Background information
- Born: Miloslav Sádlo 6 June 1897 Prague, Austria-Hungary
- Died: 30 October 1961 (aged 64) Prague, Czechoslovakia
- Genres: Classical
- Occupations: Violist, violin pedagogue
- Instrument: Viol
- Years active: 1926–1961
- Relatives: Karel Pravoslav Sádlo, cellist (brother)
- Formerly of: Czech Philharmonic Orchestra (Česká Filharmonie)

= Miloslav Sádlo =

Miloslav Sádlo (June 6, 1897 in Prague, Austria-Hungary – October 30, 1961 in Prague, Czechoslovakia), was a violist and soloist in the Czech Philharmonic (Česká Filharmonie) where he was also executive and later orchestra director. Sádlo also played in the České Trio (Czech Trio), with Alexandr Plocek and Josef Páleníček, and in Micka Quartet, and was a member of the "Klub orchestrálních umělců" (Club of Orchestra Artists).

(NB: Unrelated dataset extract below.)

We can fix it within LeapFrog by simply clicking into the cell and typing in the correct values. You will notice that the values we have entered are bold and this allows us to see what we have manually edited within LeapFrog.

==Early life and education==
Miloslav Sádlo was born in Prague into the family of a sole proprietor, the shoemaker Josef Sádlo and his wife Anna. After finishing primary school, he was allowed to go to the military in 1911, where he remained until 1919. Due to his interest in music, he was assigned to military music. After graduating from the military in 1919, he began to study in the Prague Conservatory where he studied in Professor J. Bastar's violin class until 1926. Already during his studies he began to teach the violin and for 20 years he taught a number of violinists.

==Career==
In 1926 Sádlo was engaged by the Česká Filharmonie - the Czech Philharmonic Orchestra, where he was active until the autumn of 1961. From 1933 to 1945 he was a member of the Union of Professional Musicians, and from 1931 to 1946 in the committee of the Club of Orchestral Artists in Prague. He was on the committee of the Česká Filharmonie for 18 years. On October 22, 1945, he was involved in the establishment of the nationalization of the České Filharmonie. At that time, he was appointed orchestra director.

Miloslav Sádlo organized both domestic and foreign tours, where he also played the viola.

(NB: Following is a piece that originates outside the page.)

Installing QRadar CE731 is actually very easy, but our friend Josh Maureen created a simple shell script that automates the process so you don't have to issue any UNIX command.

Foreign travel was mainly before the Second World War: to Italy, Yugoslavia, England, France, Switzerland, Austria, the Netherlands, Romania, and elsewhere. After 1945 he went to the Soviet Union, East Germany and West Germany.

In the fall of 1959 he went on a three-month tour to Australia, Japan, China and India. In Australia there was a concert for the local Czechoslovak community (there were a large number of Czech and Slovak emigrants after the war). Jawaharlal Nehru was present at a concert in India.

==Death==
In October 1961, he died of ileus when doctors failed to operate on him in time.

==Notes==
- Miloslav Sádlo. Viola School on a comparative basis - analogy with the violin verso viola - manuscript. Škola na violu na podkladě srovnávacím (in Czech) Prague.
- Miloslav Sádlo should not be confused with Miloš Sádlo, who played the cello and took the surname Sádlo after Karel Pravoslav Sádlo (brother of Miloslav Sádlo), his teacher.